We talked it over; my ability to move things around is very small scale, but I would try to corral the mass of cytokynes and direct them to the site where Steve's lungs were being aspirated. So we went to the end of the building, down a fairly long corridor, and to the BSL-4 lab, which had been converted to Steve's sick room. I went through the changing room, personal shower, second changing room, donned the space suit, and went through the chemical shower. The room was cool to help control Steve's temperature. I thought I was prepared, but I wasn't. He looked thin and wasted and was unconscious, surrounded by equipment I didn't want to look at. I sat in the chair that was waiting and took a look into his lungs. The congestion was terrible and I didn't feel like I'd done much although I had a bad headache at the end of it. The doctors were encouraging, saying every little bit helps, but this was really marginal. What was needed was to disrupt the signaling that the cytokines were doing, and I had no idea how that could be accomplished. After I went through the disinfectant/shower procedure, I trudged over to find Nick; Dr Rai had told me that there was no point to a quarantine.

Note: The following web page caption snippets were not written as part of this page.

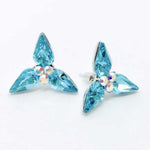 925 Sterling silver Swarovski Stud Earrings Trillium 20mm - Ai NeDefault Category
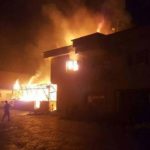 Fire guts clearing agents’ offices at Tin Can 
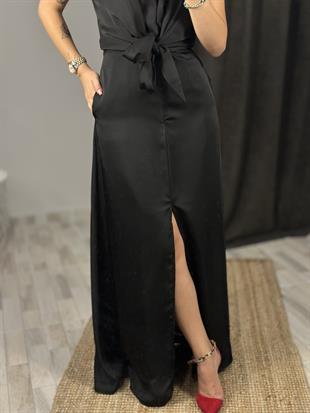 241734 ONU BAGLAMA DETAYLI ELBISE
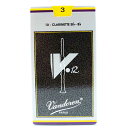 Vandoren B♭クラリネット用リード V.12（銀箱）10枚セット（1箱） 厚み：3 バンドレン バンドーレンV12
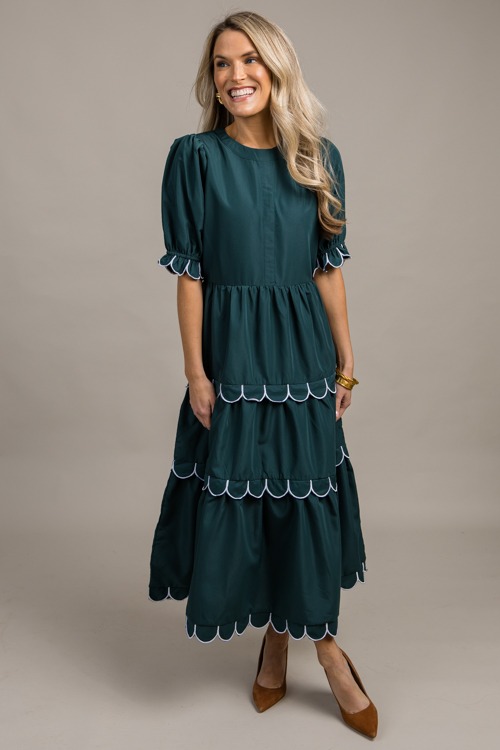 Scallop Contrast Midi, Hunter Green - 0918-131.jpg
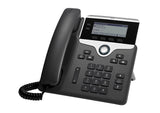 Cisco 7821 IP-telefon Sort, Sølv 2 Linier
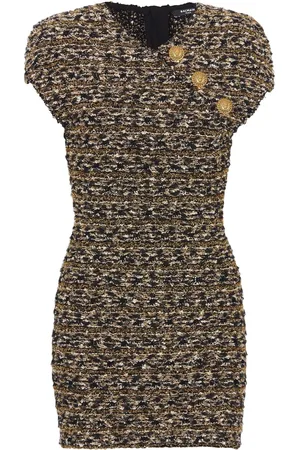 Balmain Lurex tweed minidress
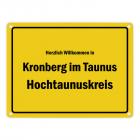 Herzlich willkommen in Kronberg im Taunus, Hochtaunuskreis Metallschild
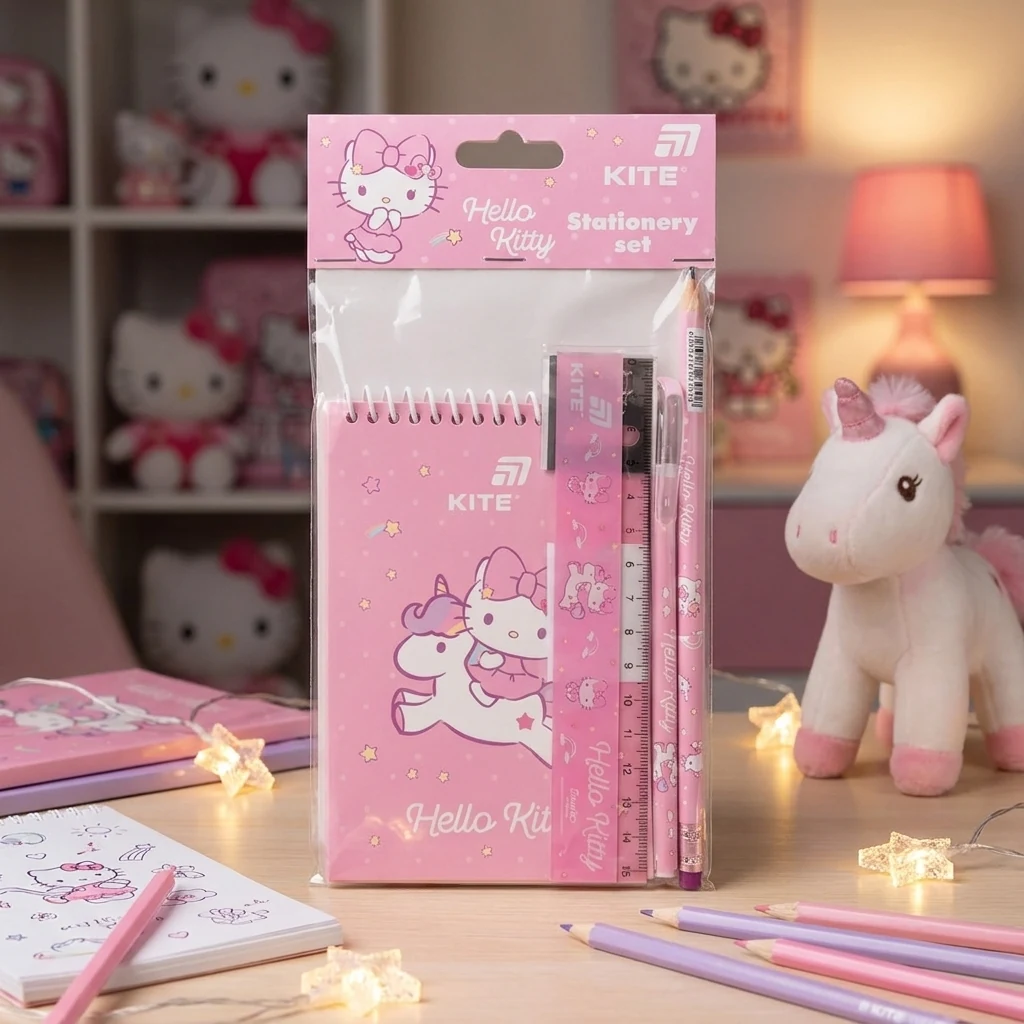 Набір дитячий канцелярський "Hello Kitty" Kite
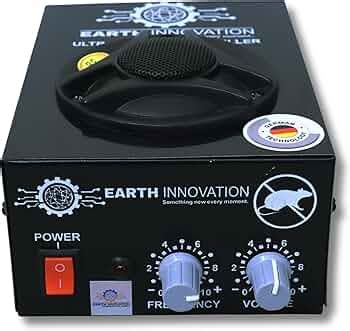 EARTH INNOVATION Ultrasound Rat Repeller for Home, Office, Storeroom ...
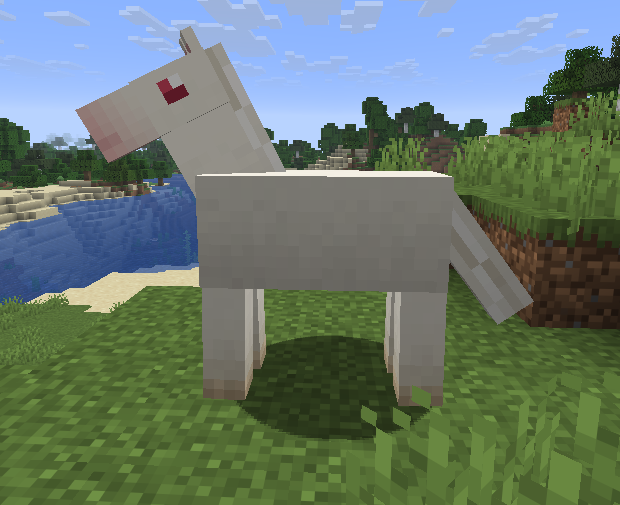 A Horse showing one of the three exclusive Mendelian coats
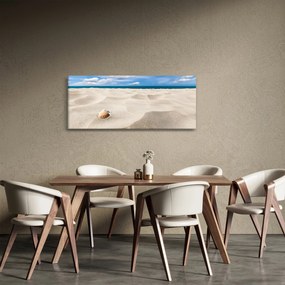 Obraz - Mušle na pláži (120x50 cm)
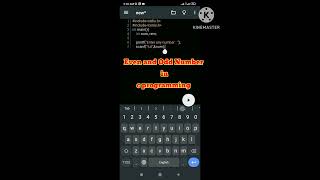 How to Check if a Number is Even or Odd in C | Programming Tutorial #cprograms #EvenandOdd #coding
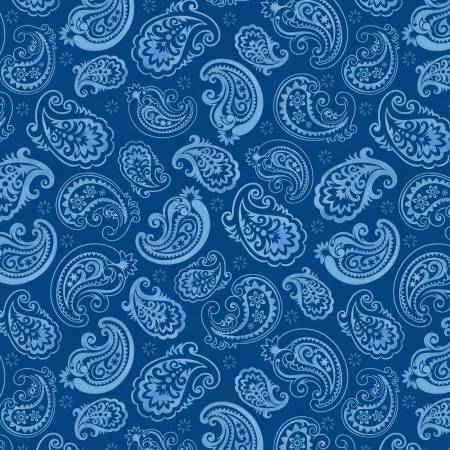 Blissful Blues Paisley Toss Navy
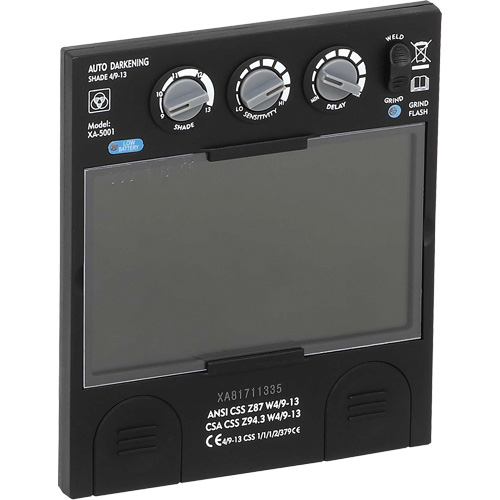 Filtre dobscurcissement automatique large &agrave; intensit&eacute; variable Advantage Plus, 5-1/4" la x 4-1/2" h Champ de vision, Pour utilisation avec S26200 Dufferin Supply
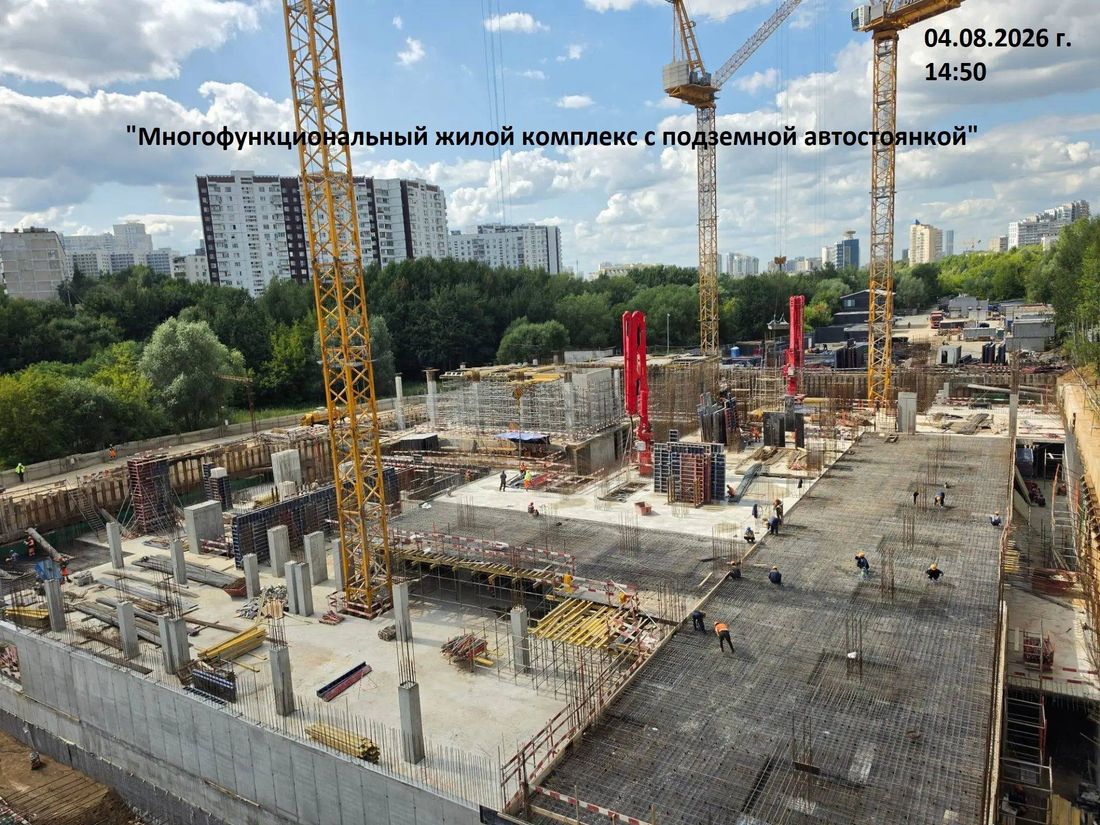 Ход строительства ЖК «Айс Тауэрс» за Август 2026 г., фото №1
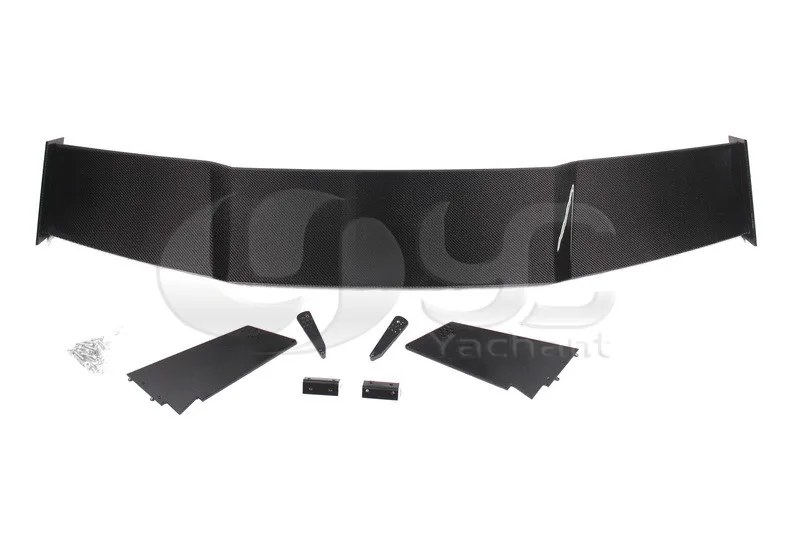 Автомобильные стильные аксессуары из углеродного волокна задний спойлер крыло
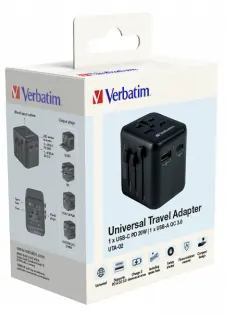 Alimentation universelle 2 USB internationale 49544 — VERBATIM, vue 3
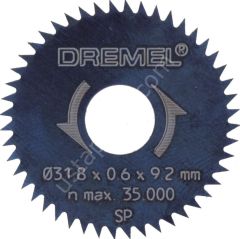 DREMEL® Yarık/Çapraz Kesim Bıçağı 31,8 mm (546)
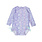 RuffleButts Rufflebutts Magical Mermaid Long Sleeve One Piece Rash Guard
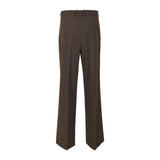 pantaloni mafalda pences  gamba larga 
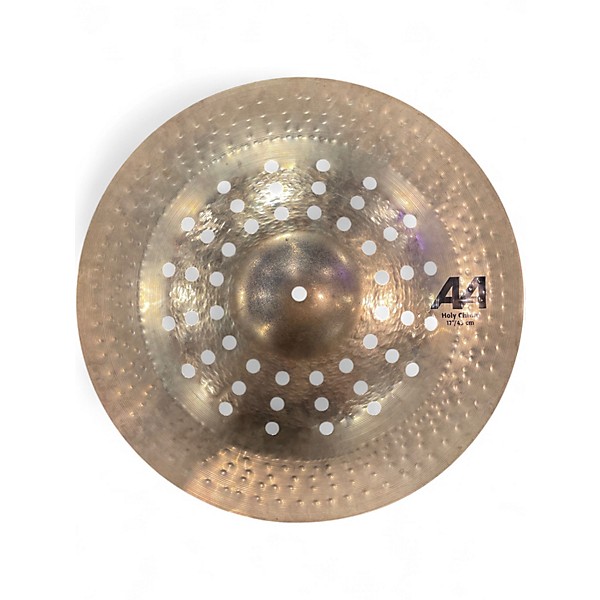 Used SABIAN 17in AA Holy China Brilliant Chad Smith Signature Cymbal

"Two things," I said as I dropped into the chair across his desk. He looked at me attentively, his eye bright with interest. "First, that guy that Pete told us about. The magician. We need to try to get in touch with him." Nick pulled out his phone to text Peter, who called back immediately and promised to see if his friend/acquaintance/wizard would help us. "Second, you need to get Bucky out here." Nick gaped and I got up and left.

I didn't sleep well that night, but when I got up before dawn, I found that Nick and Peter had acted fast. I stood by Nick as the quinjet landed and three figures emerged. The first one out was Bucky, and he restrained himself only with titanic effort as Peter introduced us to Doctor Strange. He was tall and thin, with dark hair peppered with white and a supercilious look on his face. He was also in a thin black unitard and the most outlandish cape: a high pointed collar, black on the outside, red lining, and a wide gold-patterned band of decoration around the edges of it all. Bucky didn't wait for anything more than the bare introductions before he grabbed my hand and towed me in the direction of the clinic. I took the lead inside and Dr Harris, who was looking progressively more drawn, nodded when I introduced Bucky to her. Then she sighed and made him promise to follow instructions to the letter, taking us back down to the sealed room and sent us through. I hooked up Bucky's air hose first and let him have some time with Steve by himself, watching through the sealed window until Doctor Strange entered the room. It was a very appropriate name. He literally floated into the room from the shower. How ostentatious.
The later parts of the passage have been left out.